Progenex has introduced two supplements that have helped to redefine what recovery means for CrossFitters. Progenex Recovery uses the highest quality hydrolyzed whey protein isolate, for quicker regeneration of muscle tissue. Studies have shown that those who use whey protein hydrolysates recover not only more quickly, but also recover much stronger than those who do not. When combined with Progenex Omega+ and Progenex Cocoon, CrossFitters are able to further speed their recovery times, while also reducing muscle inflammation. The second CrossFit enhancing supplement that bears mentioning is Progenex Build. Build uses a patented delivery system to in which the carbohydrate blend is quickly digested and ready for glycogen synthesis (i.e. shuttles the fuel to the engine). This is done through the use of two natural carbohydrate sources—honey and sweet potato. The honey supplies a simple sugar that is carried quickly by peptides to the muscles, and the sweet potato provides long-chain carbohydrate polymers for long-lasting endurance and energy. The end result is that Build gives CrossFitters two sources through which glucose can enter the bloodstream and deliver the optimal glycemic index for intense exercise. Together, Progenex Recovery and Progenex Build help speed both types of recovery for those who want the most intense workouts possible.
More than a Fad
Although the human body has used the same processes to build and maintain muscle for as long we’ve been a species, it’s only been within the last decade or so that the need for focused workout-recovery efforts has become apparent.
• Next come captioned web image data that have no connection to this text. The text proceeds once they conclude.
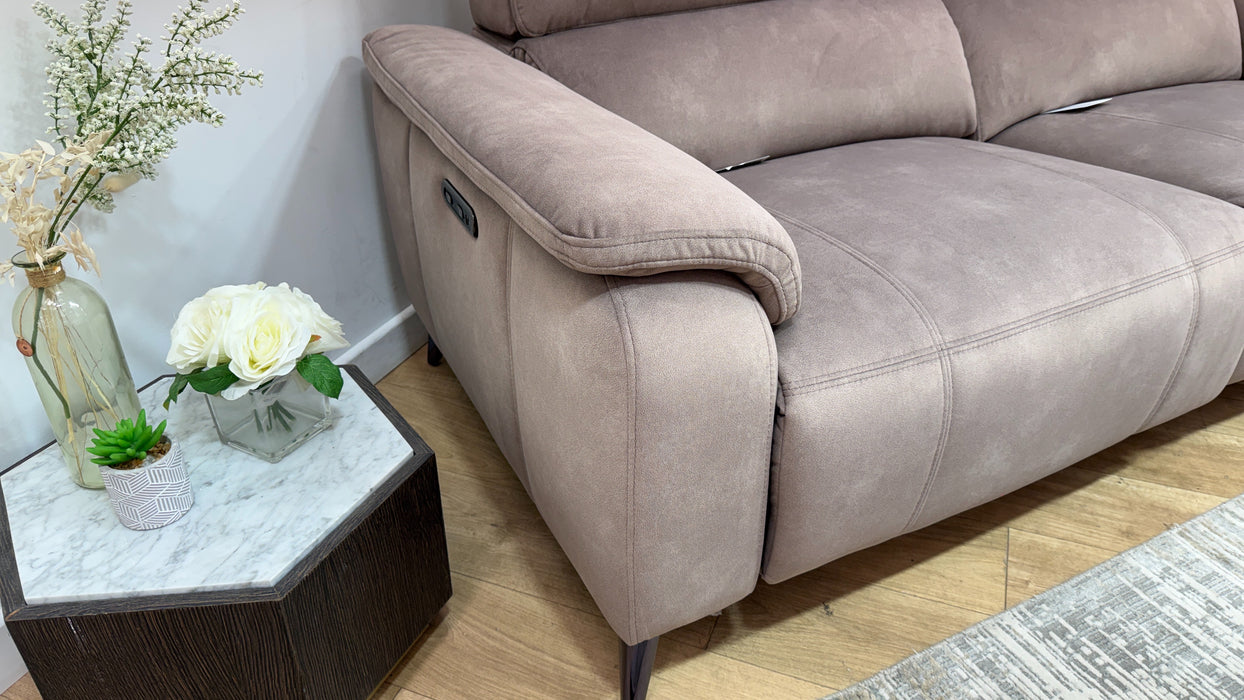 Sofology Bailey Fabric 2.5 Seater Power Recliner in Lifestyle Flecked Nutmeg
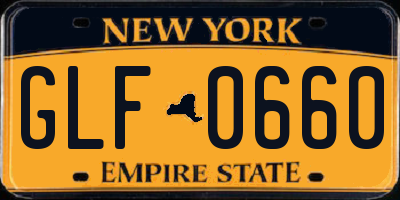 NY license plate GLF0660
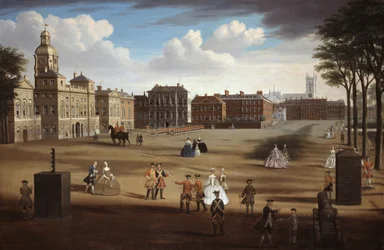 Veduta del Fronte Ovest delle Horse Guards con il Tesoro e Downing Street oltre, c.1758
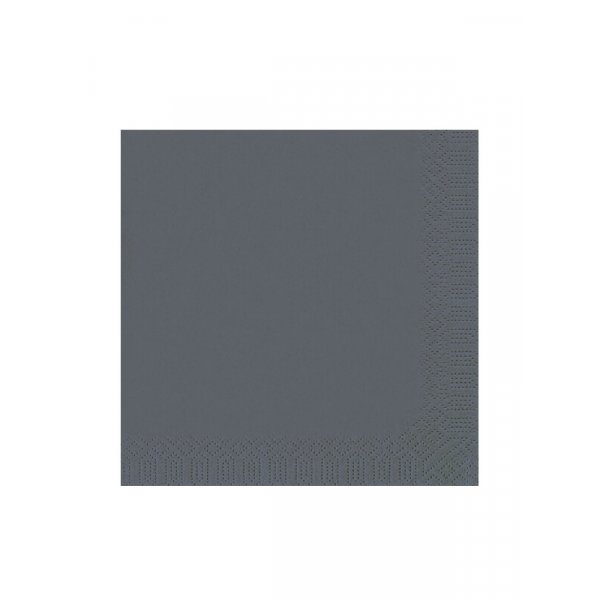 Serviette, 3-lagig, 33x33, 1/4-Falz, granite grey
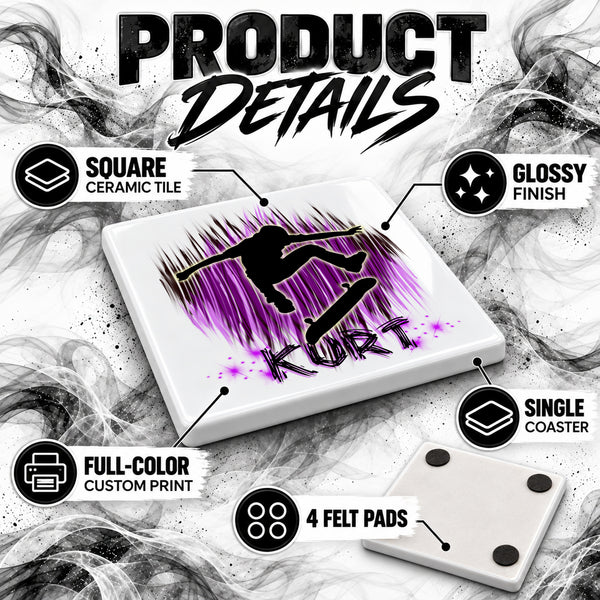 G025 Skater ceramic coaster by Mythic Airbrush, original Air-Volution design — product image 3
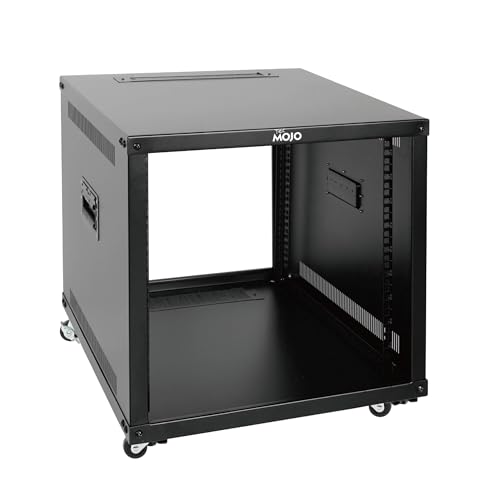 Tecmojo 9U tragbares rollendes Netzwerk-Rack, 4-Posten-mobiles offenes Rahmen-Server-Rack mit Rädern, 19-Zoll-kleiner Server-Rack-Schrank von Tecmojo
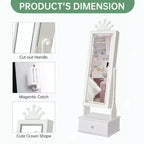 Armoire à bijoux pour enfants avec miroir pleine longueur, organiseur à bijoux autoportant de 46 pouces avec tiroirs de rangement, meuble à bijoux pour enfants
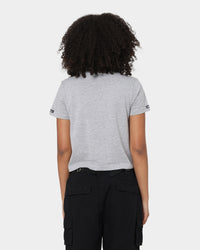 Crooks & Castles Women's Collar Logo Crop T-Shirt Heather Grey
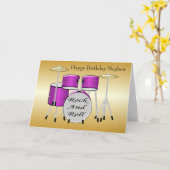 Drums Personalisiert Nephew Geburtstag Karte (Gelbe Blume)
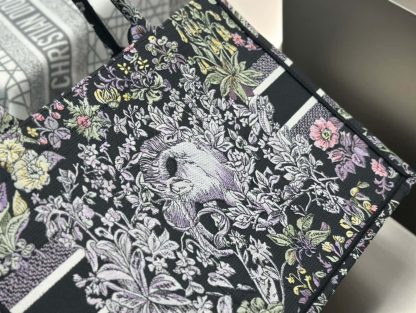  Dior Medium Dior Book Tote Black Embroidery #4144 - Image 2
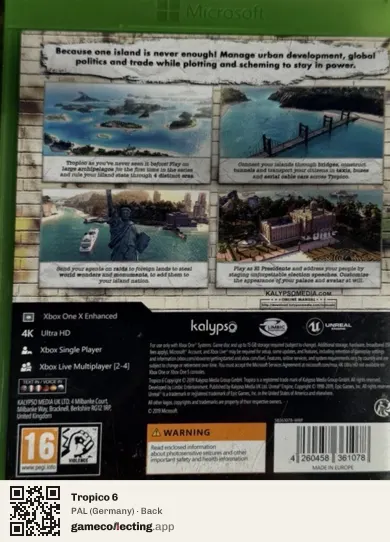 Tropico 6 Xbox One, Germany box back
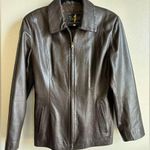 Italian brown leather jacket nwot size 46 Photo 0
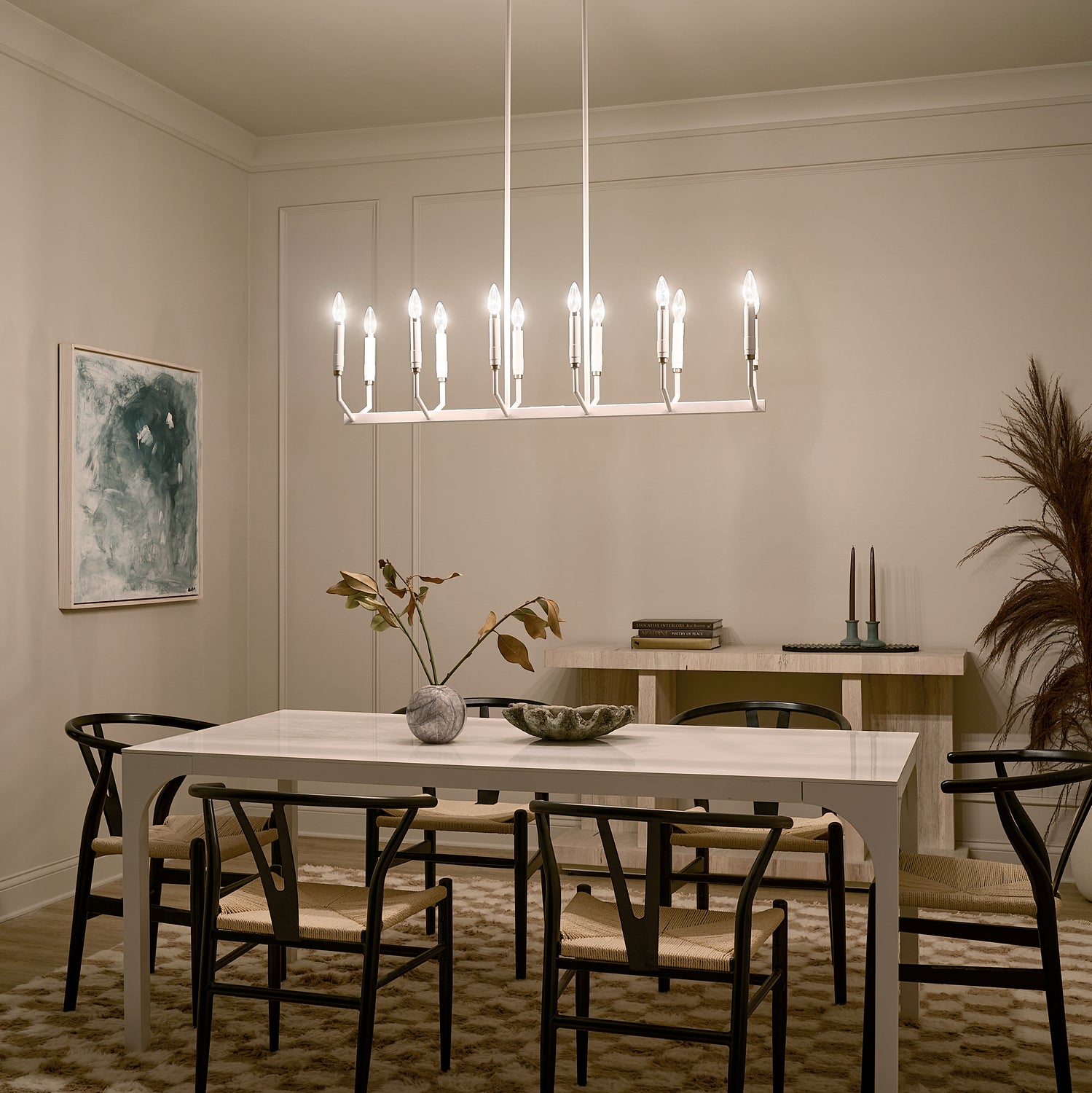 KICHLER 52350WH Armand 42.75 Inch 12 Light Linear Chandelier In White Finish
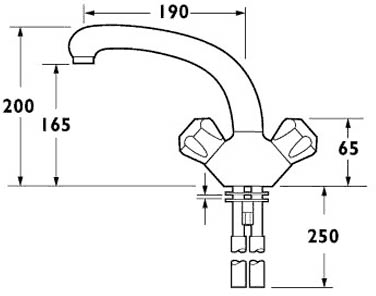 Technical image of Deva Profile Dual Flow Kitchen Tap With Swivel Spout (Beige)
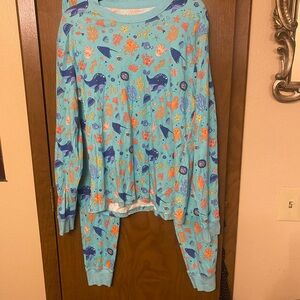 Whimsical Sea Life  Pajama Set - Aqua and Navy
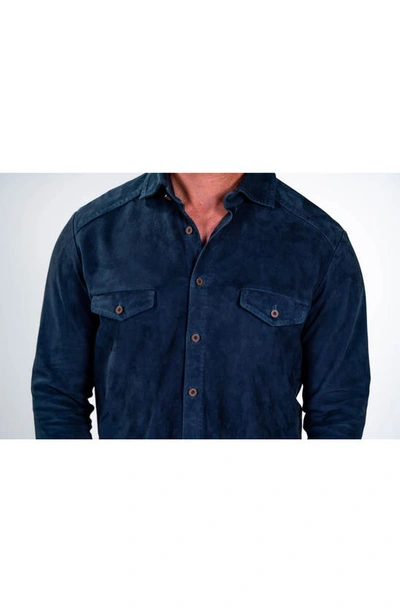 Shop Comstock & Co. Bannock Suede Button-up Shirt In Navy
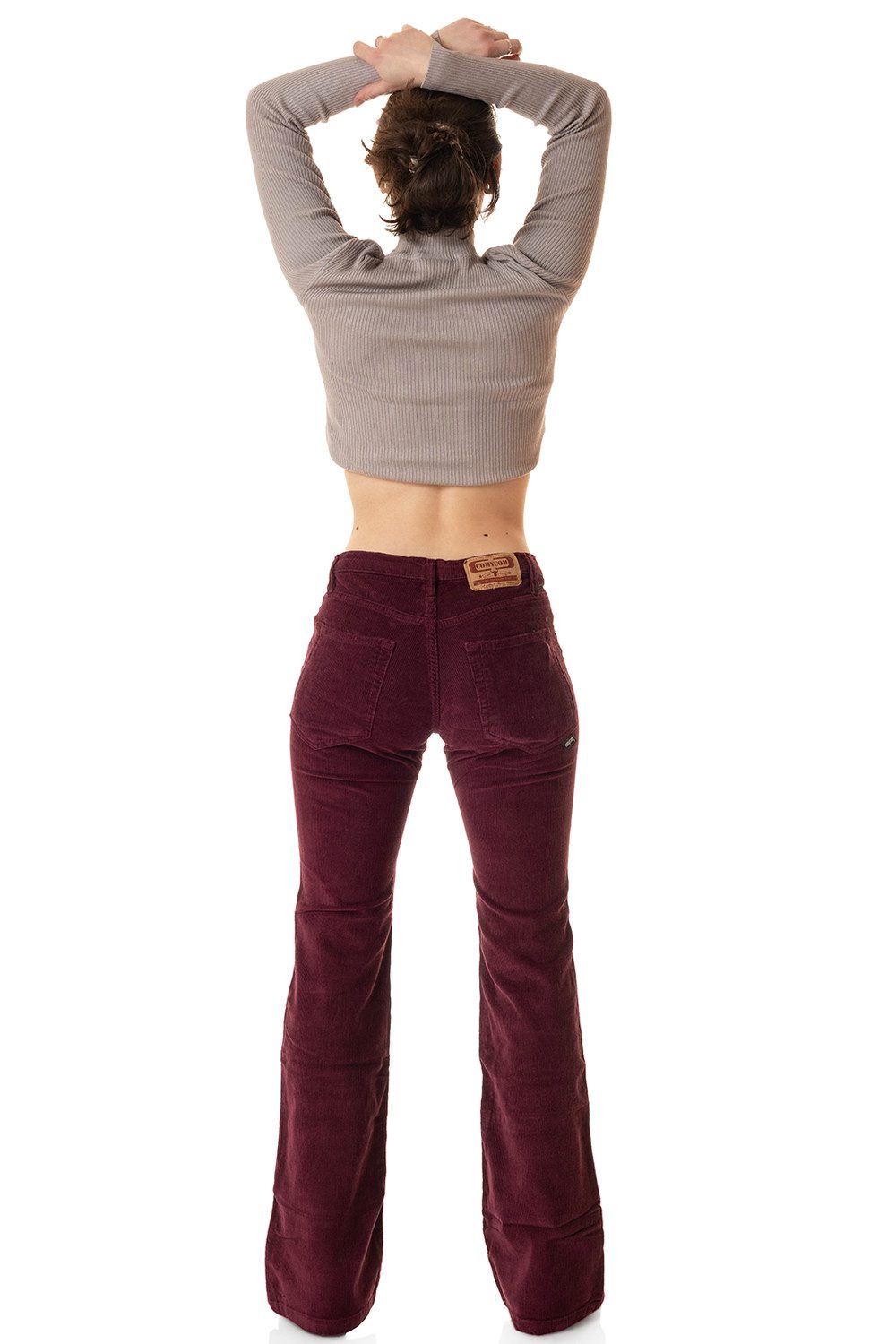 Comycom Cordhose Damen Bootcut bordeaux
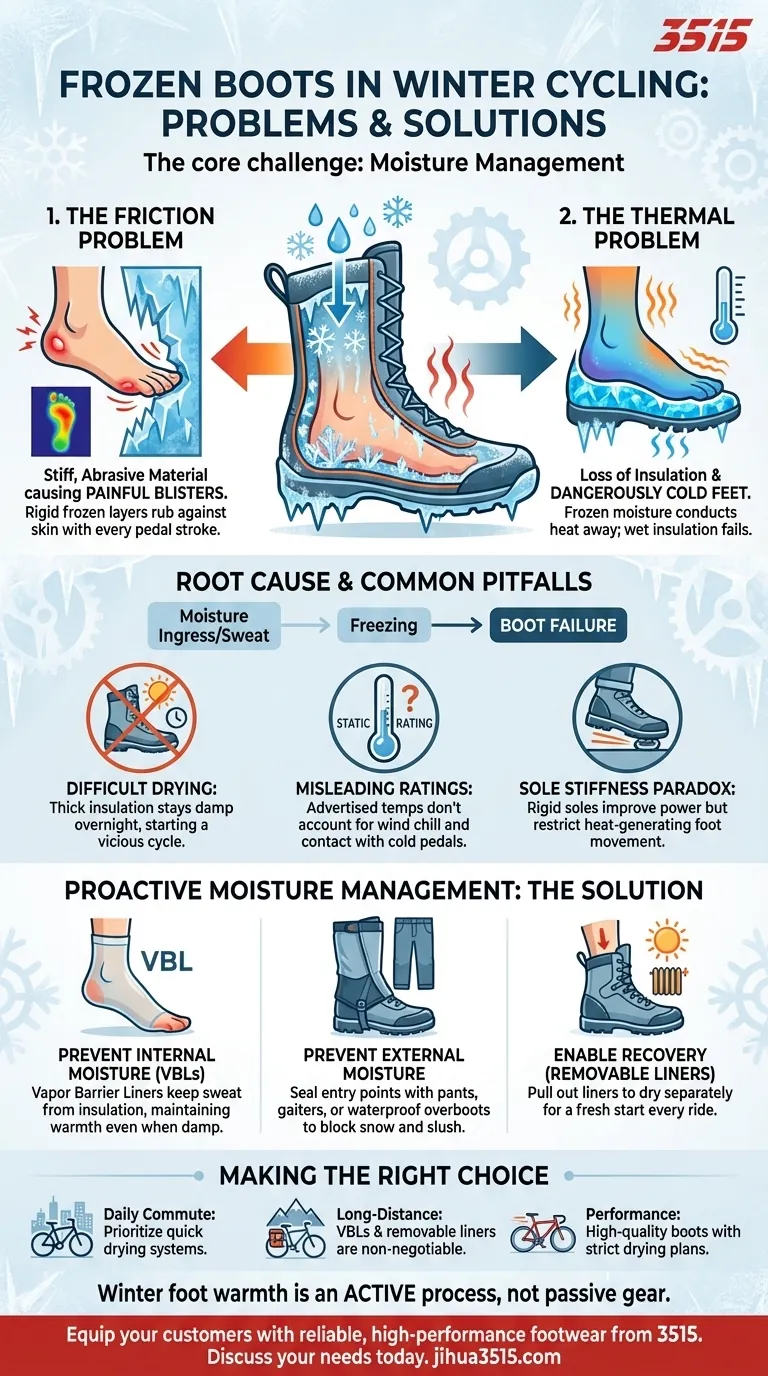 Quels problèmes peuvent survenir avec des bottes gelées lors du cyclisme hivernal ? Évitez les ampoules douloureuses et les pieds froids Guide Visuel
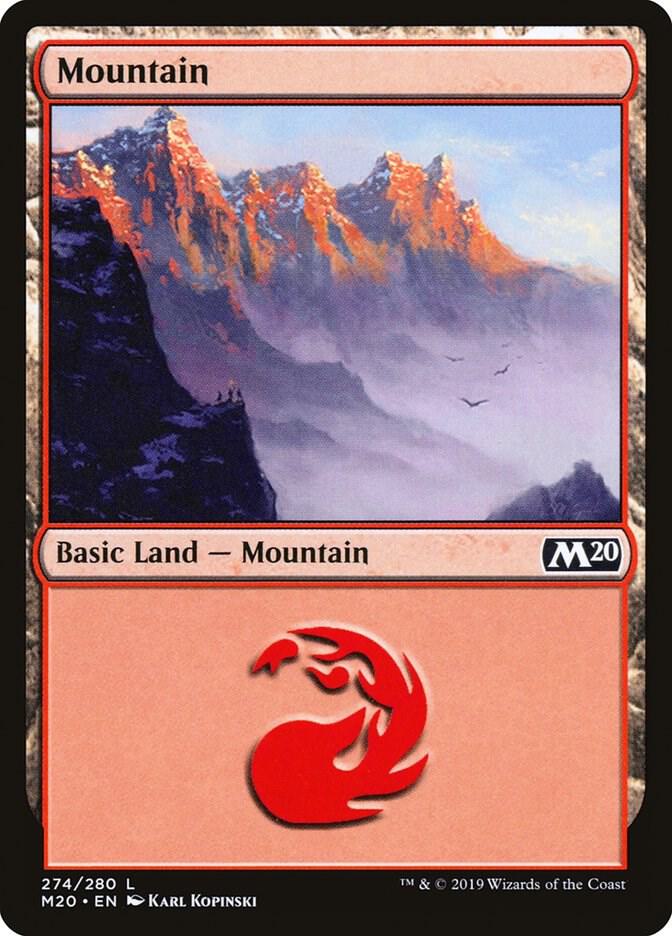 Mountain 274 card from Core Set 2020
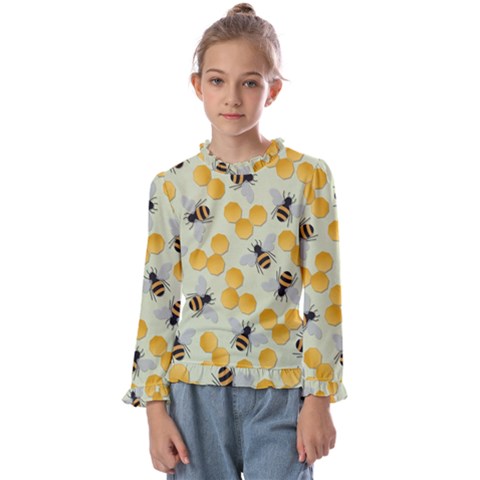 Honey Bee Bees Pattern Kids  Frill Detail Tee by Ndabl3x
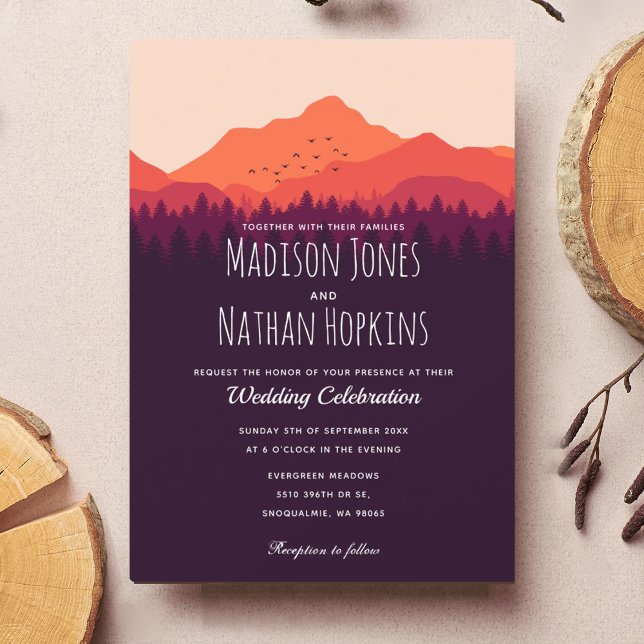 Sunset Mountain View Wedding Invitation (Creator Uploaded)
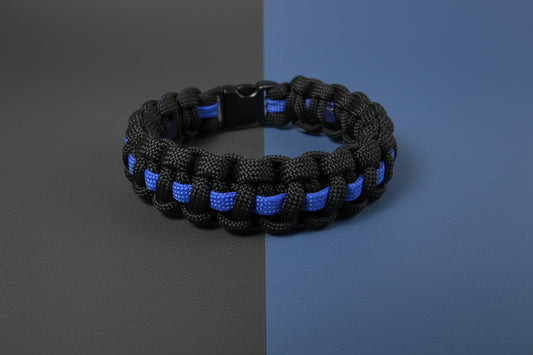 Paracord Typ 3 Armband, ca. 1,7 cm breit -Thin Blue Line-Polizei-Männer, Frauen Armband-Schwarz
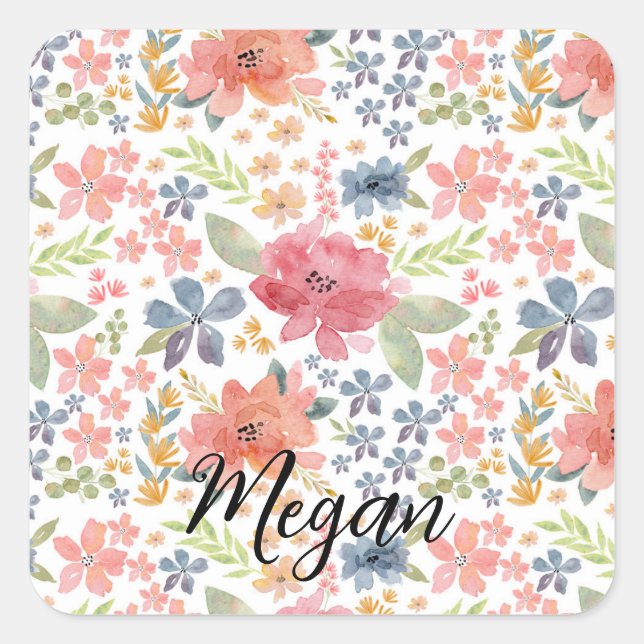 Floral Sticker- Cute Watercolor Flowers Square Sticker (Front)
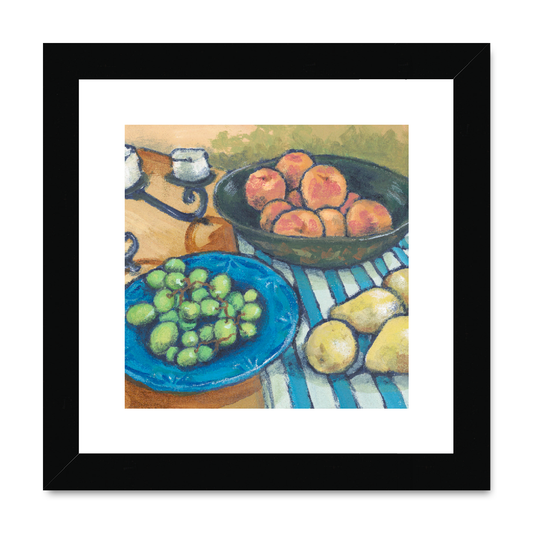 Framed Fine Art Print, White Mat , Still Life in Acrylic, FPS-1000-1103, 8"x8", Black Frame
And as our understanding of the recovery process improves, it is becoming obvious that specially designed supplements—when used in conjunction with proper nutrition and hydration—are the most effective path to fast recovery, and by extension a more effective workout. In response to this new information, Progenex has created a number of industry leading products that are pushing the envelope for competitive and personal fitness enthusiasts.
So, when you work your muscles, push yourself hard and really work your muscles! Just don’t neglect recovery, or you might find that all of your hard work is going to waste. Focus on the two types of recovery, and you’ll see that an intense workout is really only half of the battle.